Por que isso é ruim? Porque PT e PSDB têm tudo para constituir, como defende Primeira Leitura, o novo núcleo da hegemonia da política brasileira. A hegemonia do centro. Se a campanha se radicaliza e, ainda assim, Lula vence, certamente vencerá um partido menos afeito à negociação do que na hipótese de uma disputa franca e tranqüila.

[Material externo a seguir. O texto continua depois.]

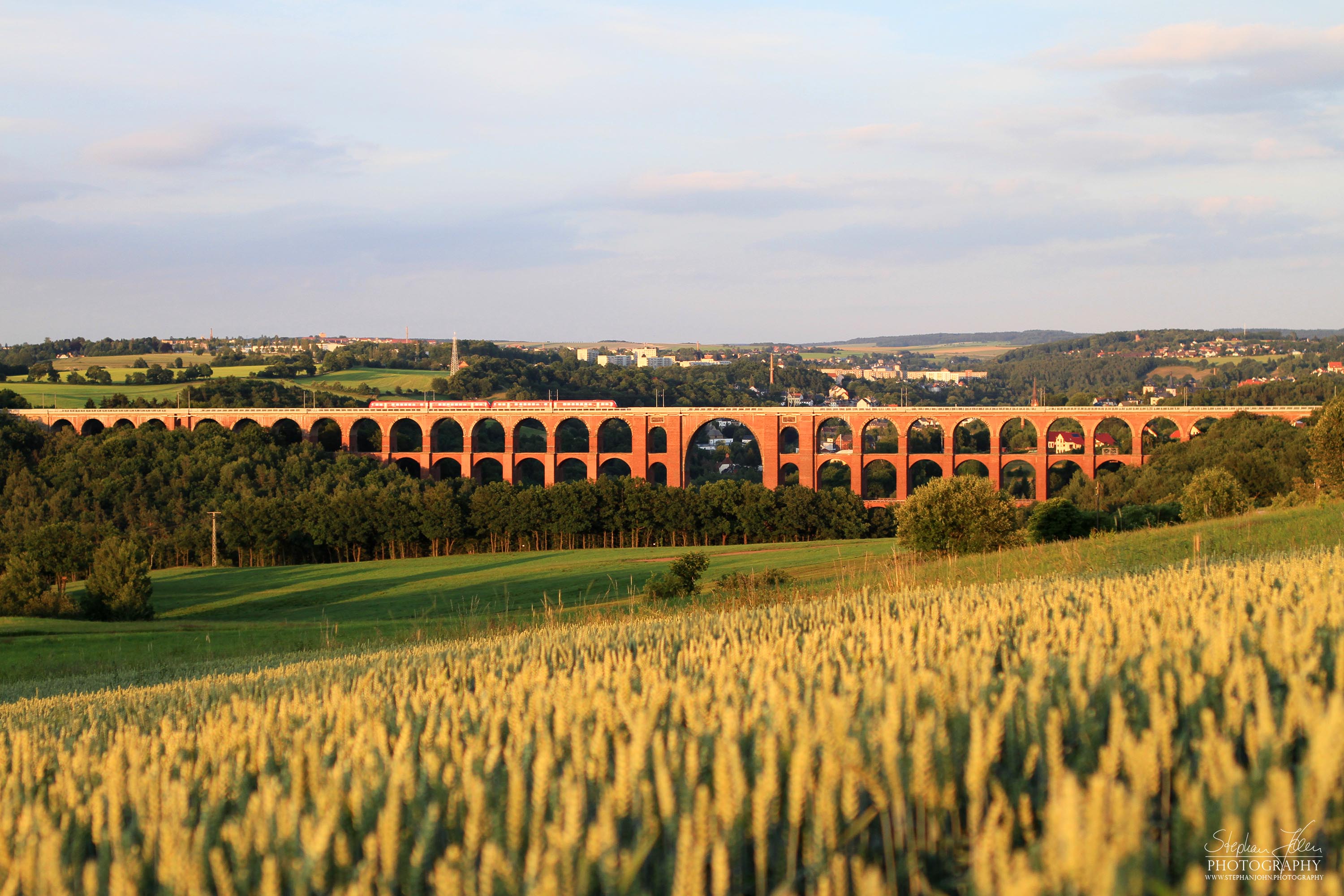 Ein VT 612 überquert die Göltzschtalbrücke im Vogtland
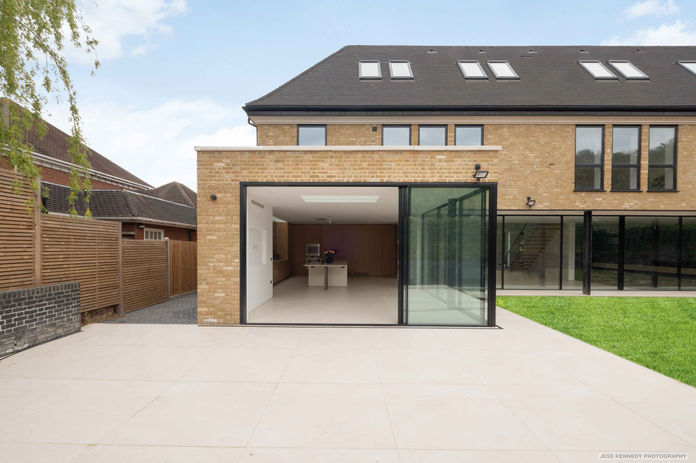 5 Fairholme Close-5.jpg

Se Serra vence, do mesmo modo, um acordo futuro com o PT com vistas à governabilidade fica bem mais difícil. Eis a hora de FHC demonstrar que é, de fato, um estadista. Eis a hora de Serra e Lula demonstrarem que são candidatos também a estadista, não apenas a presidente do Brasil.

Coletiva

Na entrevista a correspondentes da segunda-feira, Lula pediu que Hugo Chávez ouça a sociedade civil, que haja eleições em Cuba, afirmou que o Brasil honrará os compromissos da dívida externa, que o que está acordado por este governo é letra válida no próximo. Está tudo absolutamente direito.

Mas parece que isso, por si mesmo, já não vale tanto. É preciso dar sinais claros, internos, de que o partido disputa o poder para valer. Assim, sinais no que se refere à CPMF e à Lei de Responsabilidade Fiscal são obrigatórios.

Hipocrisia

O acordo que os Estados Unidos fazem com a Rússia de redução das armas nucleares é a melhor definição do que é a hipocrisia na definição do escritor Oscar Wilde: “é o tributo que o vício presta à virtude”.

As armas que sobram são o bastante para destruir o mundo muitas vezes – embora só haja um, e uma só destruição baste… – e, aprovado o tal escudo antimísseis, todo o resto perde sentido. Em suma: o acordo de agora em nada tira o potencial beligerante, militarista e unilateralista do governo republicano de George. W. Bush.

Assim falou…Luiz Inácio Lula da Silva

“Deve haver algum espertinho ganhando dinheiro com isso [especulação]. Posso garantir que não é o PT”.

Do presidenciável do PT, aos correspondentes estrangeiros, ao comentar os movimentos especulativos no Brasil.

Tudo é história

Em meados do século 19, o Brasil exibia indicadores econômicos e até sociais – apesar da escravidão – tão ou mais virtuosos do que os Estados Unidos e alguns dos países mais ricos da Europa. Por decisões erradas de suas elites, entramos no século 20 como um dos países mais atrasados do planeta, perdido em relações de compadrio, em patrimonialismo, em miséria econômica.

Maiores detalhes no livro A Nação Mercantilista (Editora 34), do jornalista e historiador Jorge Caldeira. Agora, de novo, o país vive um momento crucial. Ou faz um pacto pela governabilidade futura – e, então, tudo pode ser melhor – ou o confronto eleitoral evolui para o tudo ou nada. Como país, fizemos escolhas erradas no século 19. Seria penoso repeti-las no século 21.